*** Recorded information ***

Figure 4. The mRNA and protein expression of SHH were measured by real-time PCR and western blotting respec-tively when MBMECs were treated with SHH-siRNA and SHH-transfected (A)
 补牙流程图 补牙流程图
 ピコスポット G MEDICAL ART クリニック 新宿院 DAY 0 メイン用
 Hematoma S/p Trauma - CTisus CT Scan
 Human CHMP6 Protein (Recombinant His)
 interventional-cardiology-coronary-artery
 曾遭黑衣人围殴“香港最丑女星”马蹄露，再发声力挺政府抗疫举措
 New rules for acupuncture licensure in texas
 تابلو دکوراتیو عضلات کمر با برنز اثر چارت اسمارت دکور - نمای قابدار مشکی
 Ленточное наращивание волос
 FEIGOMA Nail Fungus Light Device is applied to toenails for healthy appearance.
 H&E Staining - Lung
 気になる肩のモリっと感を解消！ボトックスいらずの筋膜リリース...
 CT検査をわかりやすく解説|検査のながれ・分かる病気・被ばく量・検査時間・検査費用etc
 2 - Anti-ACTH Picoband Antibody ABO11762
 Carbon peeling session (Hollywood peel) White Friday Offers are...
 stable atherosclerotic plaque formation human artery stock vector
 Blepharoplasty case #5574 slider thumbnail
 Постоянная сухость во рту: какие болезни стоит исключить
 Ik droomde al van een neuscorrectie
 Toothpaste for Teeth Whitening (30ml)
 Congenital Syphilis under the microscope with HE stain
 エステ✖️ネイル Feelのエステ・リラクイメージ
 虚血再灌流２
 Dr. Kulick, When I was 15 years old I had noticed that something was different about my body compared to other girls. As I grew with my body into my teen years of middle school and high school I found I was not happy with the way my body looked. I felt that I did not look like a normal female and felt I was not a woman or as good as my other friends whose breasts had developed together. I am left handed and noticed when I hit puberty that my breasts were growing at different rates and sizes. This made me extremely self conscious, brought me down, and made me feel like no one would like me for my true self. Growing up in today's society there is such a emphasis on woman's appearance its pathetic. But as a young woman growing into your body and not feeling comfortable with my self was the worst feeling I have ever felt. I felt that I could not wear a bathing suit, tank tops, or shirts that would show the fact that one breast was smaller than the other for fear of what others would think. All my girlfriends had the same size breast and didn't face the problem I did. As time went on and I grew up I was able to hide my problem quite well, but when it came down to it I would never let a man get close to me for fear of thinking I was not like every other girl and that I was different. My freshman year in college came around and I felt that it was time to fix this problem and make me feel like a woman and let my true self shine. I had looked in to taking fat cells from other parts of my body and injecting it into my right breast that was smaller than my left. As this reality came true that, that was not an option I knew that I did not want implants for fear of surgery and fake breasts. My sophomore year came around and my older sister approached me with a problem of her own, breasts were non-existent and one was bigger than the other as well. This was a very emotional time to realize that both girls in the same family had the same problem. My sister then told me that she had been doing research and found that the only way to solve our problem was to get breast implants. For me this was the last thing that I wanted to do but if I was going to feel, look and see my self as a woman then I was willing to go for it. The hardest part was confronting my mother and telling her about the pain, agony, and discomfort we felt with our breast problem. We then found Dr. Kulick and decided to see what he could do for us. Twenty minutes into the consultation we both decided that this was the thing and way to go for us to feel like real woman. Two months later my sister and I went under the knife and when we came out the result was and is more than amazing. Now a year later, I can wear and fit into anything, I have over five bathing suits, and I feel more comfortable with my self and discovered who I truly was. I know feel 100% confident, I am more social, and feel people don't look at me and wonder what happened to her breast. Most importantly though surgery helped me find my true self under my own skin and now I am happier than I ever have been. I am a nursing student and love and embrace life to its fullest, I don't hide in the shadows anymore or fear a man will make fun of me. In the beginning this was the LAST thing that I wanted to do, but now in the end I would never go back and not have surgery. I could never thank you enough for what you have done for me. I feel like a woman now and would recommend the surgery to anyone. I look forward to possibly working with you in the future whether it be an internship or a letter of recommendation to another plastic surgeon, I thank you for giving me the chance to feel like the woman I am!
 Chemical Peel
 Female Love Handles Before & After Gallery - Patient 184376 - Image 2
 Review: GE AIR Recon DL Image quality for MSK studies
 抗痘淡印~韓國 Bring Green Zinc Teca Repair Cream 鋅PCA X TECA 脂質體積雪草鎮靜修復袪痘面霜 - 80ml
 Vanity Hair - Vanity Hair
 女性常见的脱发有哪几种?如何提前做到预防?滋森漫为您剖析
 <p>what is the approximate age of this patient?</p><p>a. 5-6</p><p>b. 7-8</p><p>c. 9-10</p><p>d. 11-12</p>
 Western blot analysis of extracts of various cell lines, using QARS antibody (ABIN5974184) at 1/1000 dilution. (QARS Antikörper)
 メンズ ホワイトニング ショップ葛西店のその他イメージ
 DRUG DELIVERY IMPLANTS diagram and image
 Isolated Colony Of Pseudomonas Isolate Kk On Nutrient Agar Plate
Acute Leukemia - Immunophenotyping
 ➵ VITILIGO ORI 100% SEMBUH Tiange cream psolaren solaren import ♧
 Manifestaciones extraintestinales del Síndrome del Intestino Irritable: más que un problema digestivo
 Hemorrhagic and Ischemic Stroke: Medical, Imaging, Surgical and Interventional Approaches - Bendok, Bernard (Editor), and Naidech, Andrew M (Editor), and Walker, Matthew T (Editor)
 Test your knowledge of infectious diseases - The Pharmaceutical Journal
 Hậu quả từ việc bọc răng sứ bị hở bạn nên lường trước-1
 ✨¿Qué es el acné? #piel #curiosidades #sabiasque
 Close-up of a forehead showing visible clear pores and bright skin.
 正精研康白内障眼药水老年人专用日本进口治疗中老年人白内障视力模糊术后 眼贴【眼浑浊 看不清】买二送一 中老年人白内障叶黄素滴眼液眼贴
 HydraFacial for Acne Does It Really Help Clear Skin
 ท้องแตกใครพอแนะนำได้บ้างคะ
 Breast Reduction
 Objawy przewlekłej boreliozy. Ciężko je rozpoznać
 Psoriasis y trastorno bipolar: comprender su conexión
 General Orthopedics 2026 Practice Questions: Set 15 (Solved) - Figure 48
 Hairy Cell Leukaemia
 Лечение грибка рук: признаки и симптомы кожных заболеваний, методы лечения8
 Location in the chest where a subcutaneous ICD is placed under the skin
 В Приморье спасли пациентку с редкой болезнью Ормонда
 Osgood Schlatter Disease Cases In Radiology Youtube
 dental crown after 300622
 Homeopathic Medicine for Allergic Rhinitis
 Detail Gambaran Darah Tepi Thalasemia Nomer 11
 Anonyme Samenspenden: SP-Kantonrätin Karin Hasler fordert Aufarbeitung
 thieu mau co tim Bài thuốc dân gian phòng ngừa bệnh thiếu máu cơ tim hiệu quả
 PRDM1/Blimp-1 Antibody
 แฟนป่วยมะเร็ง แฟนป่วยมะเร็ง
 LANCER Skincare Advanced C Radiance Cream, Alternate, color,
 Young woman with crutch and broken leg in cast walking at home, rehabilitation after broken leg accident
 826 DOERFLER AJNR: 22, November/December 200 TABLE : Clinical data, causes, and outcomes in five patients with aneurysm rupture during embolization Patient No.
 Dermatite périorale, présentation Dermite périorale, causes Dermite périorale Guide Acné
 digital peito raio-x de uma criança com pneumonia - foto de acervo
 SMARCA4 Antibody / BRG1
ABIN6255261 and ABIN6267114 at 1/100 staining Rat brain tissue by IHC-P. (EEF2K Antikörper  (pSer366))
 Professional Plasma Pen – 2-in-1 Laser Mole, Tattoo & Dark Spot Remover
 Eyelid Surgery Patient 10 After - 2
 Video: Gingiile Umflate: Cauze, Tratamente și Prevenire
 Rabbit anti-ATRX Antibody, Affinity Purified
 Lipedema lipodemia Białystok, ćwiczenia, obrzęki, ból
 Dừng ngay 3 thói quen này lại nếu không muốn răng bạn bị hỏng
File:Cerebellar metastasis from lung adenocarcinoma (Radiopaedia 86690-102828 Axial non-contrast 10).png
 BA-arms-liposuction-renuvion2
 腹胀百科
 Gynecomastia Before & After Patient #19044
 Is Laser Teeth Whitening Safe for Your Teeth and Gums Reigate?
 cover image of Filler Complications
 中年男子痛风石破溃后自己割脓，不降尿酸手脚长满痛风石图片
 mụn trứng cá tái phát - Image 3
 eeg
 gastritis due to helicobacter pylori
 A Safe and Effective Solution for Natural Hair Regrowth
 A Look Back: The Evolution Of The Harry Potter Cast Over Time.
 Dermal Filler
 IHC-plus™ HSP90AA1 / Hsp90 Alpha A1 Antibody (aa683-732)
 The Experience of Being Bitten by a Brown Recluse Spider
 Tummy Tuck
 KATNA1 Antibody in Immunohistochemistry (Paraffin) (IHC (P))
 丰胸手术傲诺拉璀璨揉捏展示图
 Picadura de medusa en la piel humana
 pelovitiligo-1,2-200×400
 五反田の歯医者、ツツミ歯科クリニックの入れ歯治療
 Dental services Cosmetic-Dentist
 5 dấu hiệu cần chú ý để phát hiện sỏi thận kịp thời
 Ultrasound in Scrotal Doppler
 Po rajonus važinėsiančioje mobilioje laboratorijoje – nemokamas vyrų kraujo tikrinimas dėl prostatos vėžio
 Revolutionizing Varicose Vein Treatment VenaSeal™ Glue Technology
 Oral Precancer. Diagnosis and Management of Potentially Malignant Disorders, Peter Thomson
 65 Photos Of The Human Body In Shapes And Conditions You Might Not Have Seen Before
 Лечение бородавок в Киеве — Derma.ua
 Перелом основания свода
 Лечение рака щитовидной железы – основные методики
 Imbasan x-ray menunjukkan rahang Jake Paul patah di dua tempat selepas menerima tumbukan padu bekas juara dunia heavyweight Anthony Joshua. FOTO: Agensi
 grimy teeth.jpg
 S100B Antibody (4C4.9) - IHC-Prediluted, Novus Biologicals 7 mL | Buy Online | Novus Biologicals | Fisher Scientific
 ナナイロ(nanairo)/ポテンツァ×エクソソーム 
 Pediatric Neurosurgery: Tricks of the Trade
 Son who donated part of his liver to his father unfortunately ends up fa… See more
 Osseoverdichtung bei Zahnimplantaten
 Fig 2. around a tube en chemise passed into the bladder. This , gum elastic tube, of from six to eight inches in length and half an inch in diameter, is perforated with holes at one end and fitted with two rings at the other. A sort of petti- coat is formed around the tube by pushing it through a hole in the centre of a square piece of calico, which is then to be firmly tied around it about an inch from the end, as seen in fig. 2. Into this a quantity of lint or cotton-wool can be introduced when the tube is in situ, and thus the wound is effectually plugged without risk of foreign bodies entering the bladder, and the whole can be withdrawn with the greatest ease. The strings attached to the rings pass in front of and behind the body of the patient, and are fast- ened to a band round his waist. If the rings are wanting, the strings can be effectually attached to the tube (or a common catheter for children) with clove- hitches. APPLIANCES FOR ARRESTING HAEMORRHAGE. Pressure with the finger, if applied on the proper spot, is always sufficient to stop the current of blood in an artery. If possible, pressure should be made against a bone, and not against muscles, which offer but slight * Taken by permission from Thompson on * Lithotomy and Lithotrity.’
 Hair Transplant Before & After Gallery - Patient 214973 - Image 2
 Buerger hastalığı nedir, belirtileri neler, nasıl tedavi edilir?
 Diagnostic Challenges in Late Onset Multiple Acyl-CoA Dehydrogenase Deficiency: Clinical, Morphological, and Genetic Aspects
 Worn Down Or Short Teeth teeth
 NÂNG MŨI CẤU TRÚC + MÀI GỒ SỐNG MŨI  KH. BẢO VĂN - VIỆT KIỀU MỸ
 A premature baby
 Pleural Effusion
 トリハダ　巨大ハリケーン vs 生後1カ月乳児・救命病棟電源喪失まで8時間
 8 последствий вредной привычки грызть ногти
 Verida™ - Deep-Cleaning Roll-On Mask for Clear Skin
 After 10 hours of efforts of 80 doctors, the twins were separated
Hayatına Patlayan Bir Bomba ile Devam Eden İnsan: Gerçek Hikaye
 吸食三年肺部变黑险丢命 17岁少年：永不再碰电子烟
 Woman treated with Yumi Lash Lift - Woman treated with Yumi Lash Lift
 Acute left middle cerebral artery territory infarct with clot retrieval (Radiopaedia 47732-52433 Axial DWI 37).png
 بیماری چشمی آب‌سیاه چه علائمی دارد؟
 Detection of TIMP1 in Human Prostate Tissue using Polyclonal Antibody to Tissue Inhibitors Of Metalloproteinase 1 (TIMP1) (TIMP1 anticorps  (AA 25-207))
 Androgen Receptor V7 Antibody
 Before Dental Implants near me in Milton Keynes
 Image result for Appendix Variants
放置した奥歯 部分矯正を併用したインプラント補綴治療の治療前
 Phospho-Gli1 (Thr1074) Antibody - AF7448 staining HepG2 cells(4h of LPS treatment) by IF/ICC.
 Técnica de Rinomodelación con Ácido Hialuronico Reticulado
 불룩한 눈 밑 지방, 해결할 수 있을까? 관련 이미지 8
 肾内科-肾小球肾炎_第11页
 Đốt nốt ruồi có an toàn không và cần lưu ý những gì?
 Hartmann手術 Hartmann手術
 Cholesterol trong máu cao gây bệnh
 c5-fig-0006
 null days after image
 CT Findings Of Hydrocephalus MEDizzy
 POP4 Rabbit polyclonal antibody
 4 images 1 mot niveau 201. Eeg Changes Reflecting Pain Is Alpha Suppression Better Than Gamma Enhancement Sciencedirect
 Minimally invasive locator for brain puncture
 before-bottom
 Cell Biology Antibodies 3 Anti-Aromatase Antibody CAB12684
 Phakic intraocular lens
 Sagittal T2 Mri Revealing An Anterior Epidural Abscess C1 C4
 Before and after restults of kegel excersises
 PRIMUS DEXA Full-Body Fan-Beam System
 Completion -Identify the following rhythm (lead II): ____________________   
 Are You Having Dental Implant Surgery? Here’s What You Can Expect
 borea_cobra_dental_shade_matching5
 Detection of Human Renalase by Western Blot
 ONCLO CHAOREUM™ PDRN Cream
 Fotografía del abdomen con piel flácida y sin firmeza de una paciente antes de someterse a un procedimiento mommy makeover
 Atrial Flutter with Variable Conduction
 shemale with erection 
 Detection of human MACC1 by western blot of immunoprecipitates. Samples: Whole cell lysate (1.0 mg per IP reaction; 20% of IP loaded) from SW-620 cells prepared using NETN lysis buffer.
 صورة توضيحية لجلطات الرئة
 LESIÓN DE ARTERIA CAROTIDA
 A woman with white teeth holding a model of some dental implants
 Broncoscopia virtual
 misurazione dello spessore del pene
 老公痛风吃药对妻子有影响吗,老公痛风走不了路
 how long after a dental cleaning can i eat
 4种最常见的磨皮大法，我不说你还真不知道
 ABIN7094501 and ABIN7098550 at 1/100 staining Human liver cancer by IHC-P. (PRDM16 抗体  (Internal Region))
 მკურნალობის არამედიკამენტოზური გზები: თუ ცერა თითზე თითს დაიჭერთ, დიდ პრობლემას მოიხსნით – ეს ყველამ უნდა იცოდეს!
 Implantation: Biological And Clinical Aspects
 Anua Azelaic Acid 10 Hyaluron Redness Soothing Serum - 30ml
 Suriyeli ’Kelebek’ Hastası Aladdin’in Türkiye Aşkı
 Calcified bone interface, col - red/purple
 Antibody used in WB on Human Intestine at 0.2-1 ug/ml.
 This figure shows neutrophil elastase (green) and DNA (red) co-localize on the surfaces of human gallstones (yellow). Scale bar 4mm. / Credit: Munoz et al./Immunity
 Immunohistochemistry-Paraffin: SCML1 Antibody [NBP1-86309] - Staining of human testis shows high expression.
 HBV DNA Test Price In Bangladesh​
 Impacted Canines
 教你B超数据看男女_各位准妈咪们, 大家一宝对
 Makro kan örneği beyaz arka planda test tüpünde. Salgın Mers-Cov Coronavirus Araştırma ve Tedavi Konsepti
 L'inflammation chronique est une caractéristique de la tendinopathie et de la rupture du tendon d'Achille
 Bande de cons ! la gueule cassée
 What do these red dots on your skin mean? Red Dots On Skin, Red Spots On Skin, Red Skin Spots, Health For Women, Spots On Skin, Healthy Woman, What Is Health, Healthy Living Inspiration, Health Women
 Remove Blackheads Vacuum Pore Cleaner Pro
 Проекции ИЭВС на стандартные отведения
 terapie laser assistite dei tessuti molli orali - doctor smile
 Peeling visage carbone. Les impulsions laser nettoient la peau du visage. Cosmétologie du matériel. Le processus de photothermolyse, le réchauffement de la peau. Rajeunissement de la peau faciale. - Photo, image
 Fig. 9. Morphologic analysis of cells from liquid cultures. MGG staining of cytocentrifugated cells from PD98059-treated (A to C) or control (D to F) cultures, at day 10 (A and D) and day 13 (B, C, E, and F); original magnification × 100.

*** End of Recorded information ***

Problem to work on -> Given the records above, reproduce precisely and only the lines between the line holding "LESIÓN DE ARTERIA CAROTIDA" and the line holding "terapie laser assistite", inclusive.

Solution ->
 LESIÓN DE ARTERIA CAROTIDA
 A woman with white teeth holding a model of some dental implants
 Broncoscopia virtual
 misurazione dello spessore del pene
 老公痛风吃药对妻子有影响吗,老公痛风走不了路
 how long after a dental cleaning can i eat
 4种最常见的磨皮大法，我不说你还真不知道
 ABIN7094501 and ABIN7098550 at 1/100 staining Human liver cancer by IHC-P. (PRDM16 抗体  (Internal Region))
 მკურნალობის არამედიკამენტოზური გზები: თუ ცერა თითზე თითს დაიჭერთ, დიდ პრობლემას მოიხსნით – ეს ყველამ უნდა იცოდეს!
 Implantation: Biological And Clinical Aspects
 Anua Azelaic Acid 10 Hyaluron Redness Soothing Serum - 30ml
 Suriyeli ’Kelebek’ Hastası Aladdin’in Türkiye Aşkı
 Calcified bone interface, col - red/purple
 Antibody used in WB on Human Intestine at 0.2-1 ug/ml.
 This figure shows neutrophil elastase (green) and DNA (red) co-localize on the surfaces of human gallstones (yellow). Scale bar 4mm. / Credit: Munoz et al./Immunity
 Immunohistochemistry-Paraffin: SCML1 Antibody [NBP1-86309] - Staining of human testis shows high expression.
 HBV DNA Test Price In Bangladesh​
 Impacted Canines
 教你B超数据看男女_各位准妈咪们, 大家一宝对
 Makro kan örneği beyaz arka planda test tüpünde. Salgın Mers-Cov Coronavirus Araştırma ve Tedavi Konsepti
 L'inflammation chronique est une caractéristique de la tendinopathie et de la rupture du tendon d'Achille
 Bande de cons ! la gueule cassée
 What do these red dots on your skin mean? Red Dots On Skin, Red Spots On Skin, Red Skin Spots, Health For Women, Spots On Skin, Healthy Woman, What Is Health, Healthy Living Inspiration, Health Women
 Remove Blackheads Vacuum Pore Cleaner Pro
 Проекции ИЭВС на стандартные отведения
 terapie laser assistite dei tessuti molli orali - doctor smile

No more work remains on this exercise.